▶ _Aim of the exercise_
Could you transcribe the entries below exactly, starting at the line that contains "Graphic stylish pattern" and stopping at the last line, without any pictures?

▶ _Data to process_
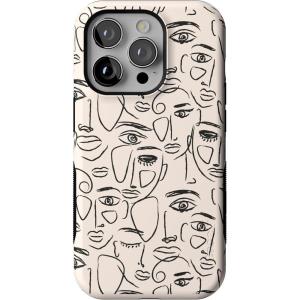 Casely iPhone 14 Pro Case | Opposites Attract | Day & Night Mountains | Compatible with MagSafe | Bold Protective Design(We’re All Human | Minimal Face Art)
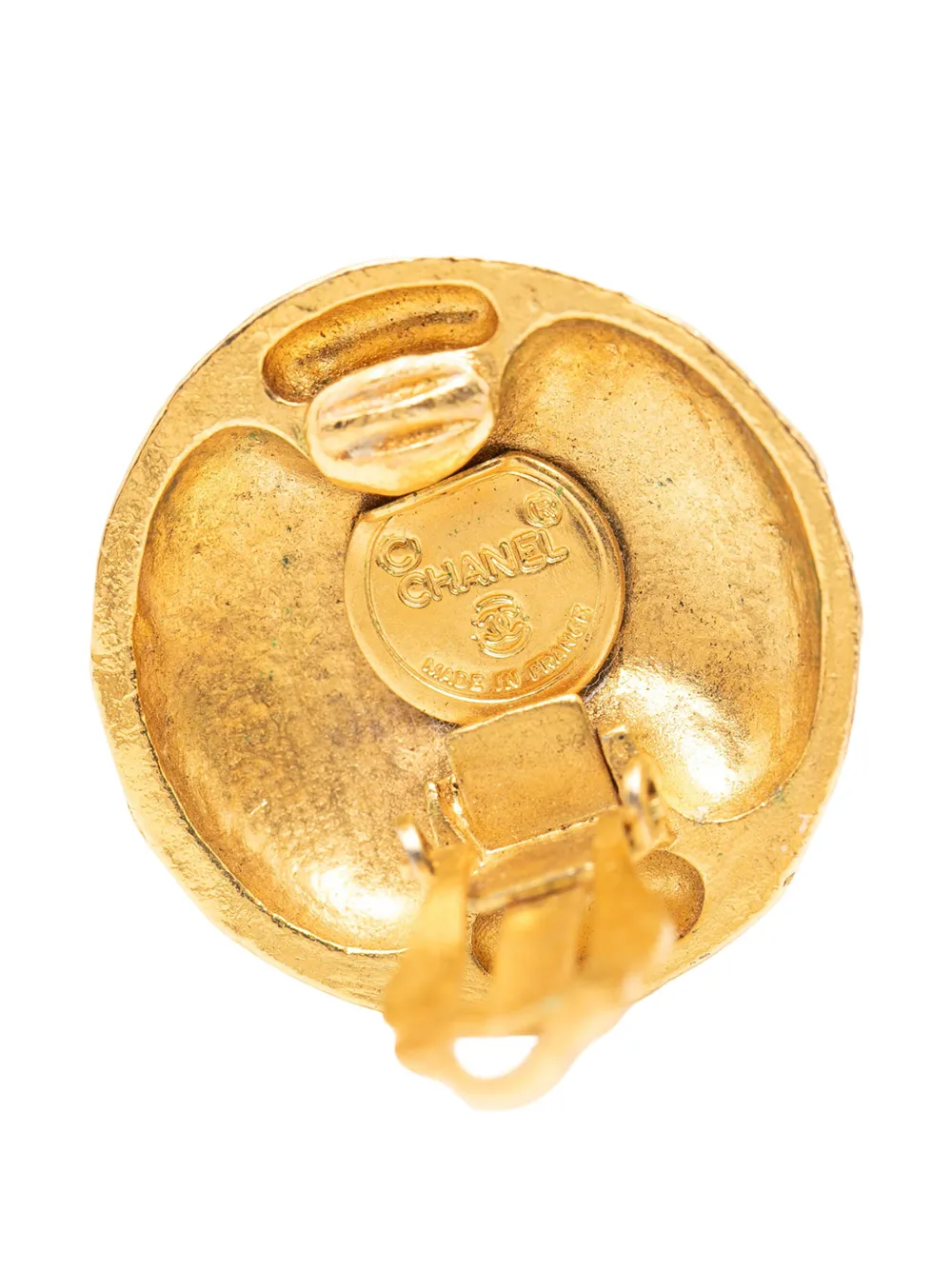 1970-1980 Cc Gold Plated Round Clip On Earrings Costume Earrings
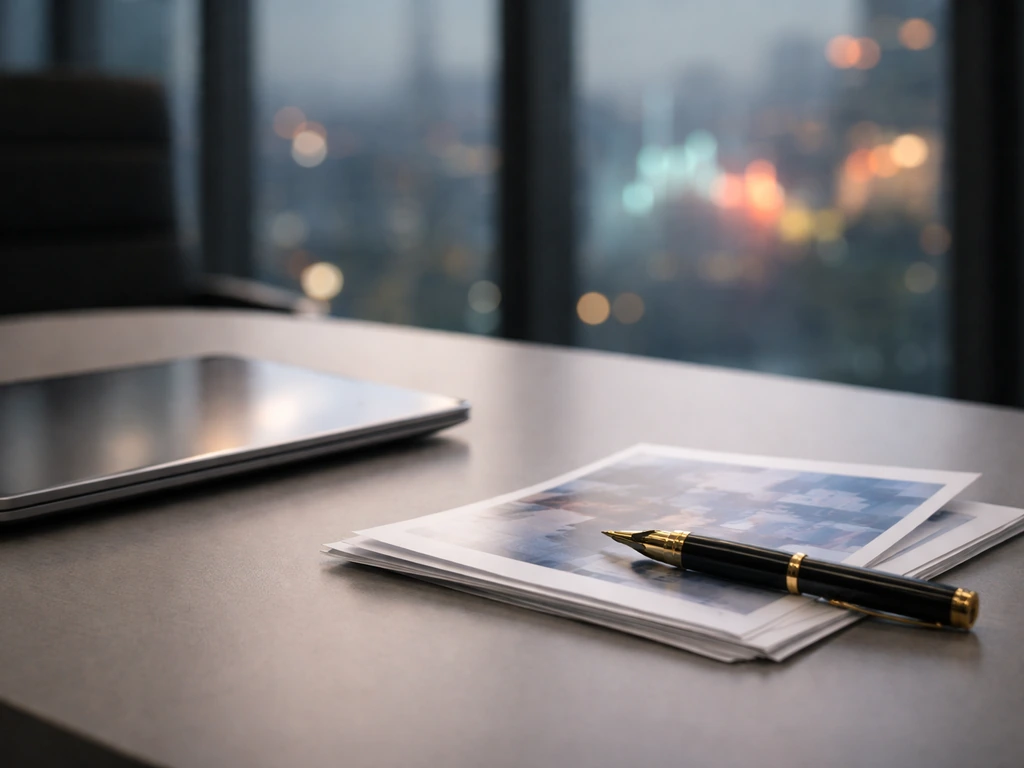 Minimal photo of a trading desk with IonQ-like stock glow reflections and a boardroom background, symbolizing equity wea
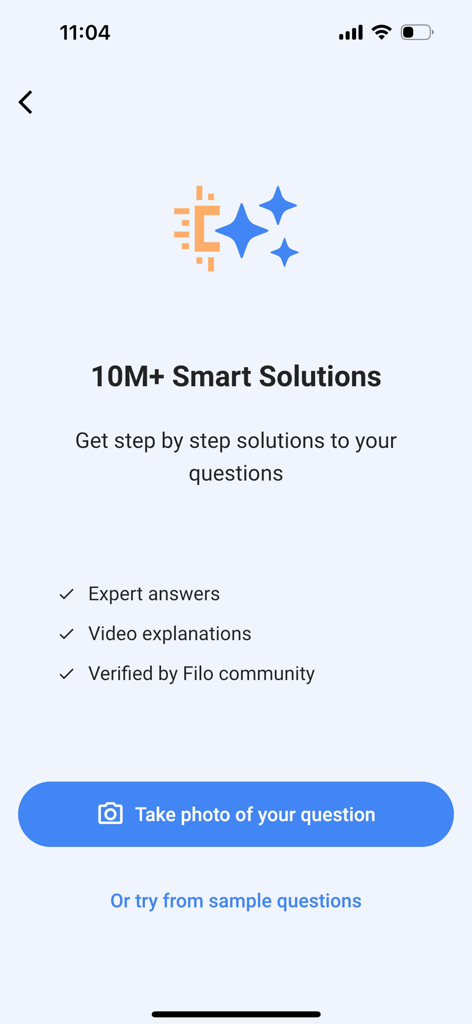 Filo: Homework & Exam Help - Filo app screen highlighting 10 million smart homework solutions and expert answers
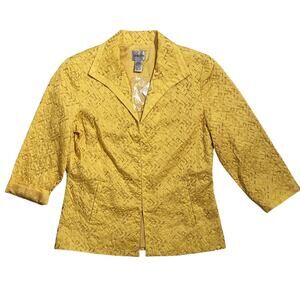 NWT Chico's Yellow Metallic Embroidered Clasp Closure Jacket Size 0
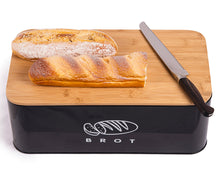 Lade das Bild in den Galerie-Viewer, Brotkasten mit Deckel, Großer Knäckebrot Box aus Metall, Brotaufbewahrungsbox , Brot,Kekse Lange Aufbewahren und Trocken Halten(42cm)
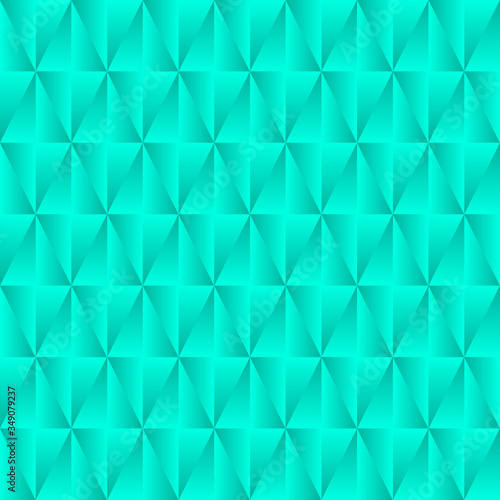 Graphic stylish pattern with iridescent triangles and light blue squares in zigzag rhombuses.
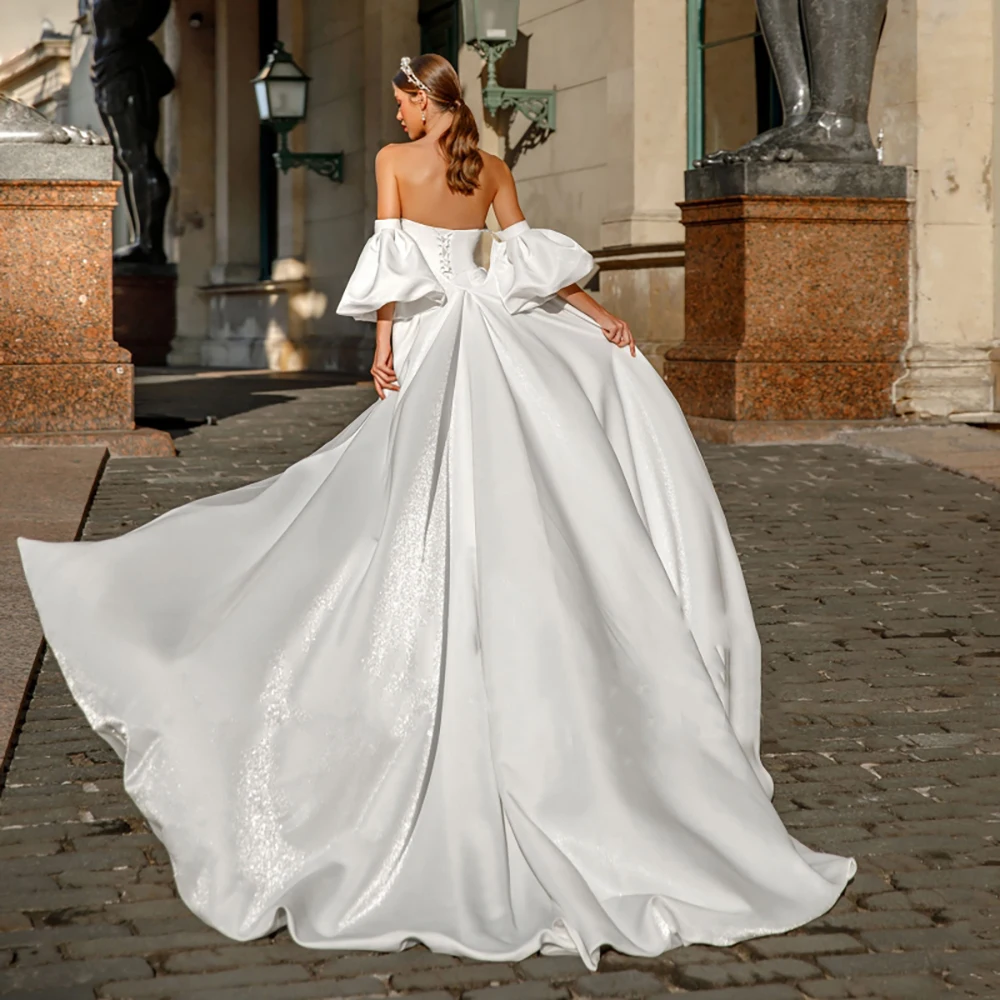 Detachable Sleeves Train Strapless Satin Wedding Dress Custom Made Front Slit Mermaid Criss Cross Modern Minimalist Bridal Gowns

▶ _Exercise answer_
 Graphic stylish pattern with iridescent triangles and light blue squares in zigzag rhombuses.
 Detachable Sleeves Train Strapless Satin Wedding Dress Custom Made Front Slit Mermaid Criss Cross Modern Minimalist Bridal Gowns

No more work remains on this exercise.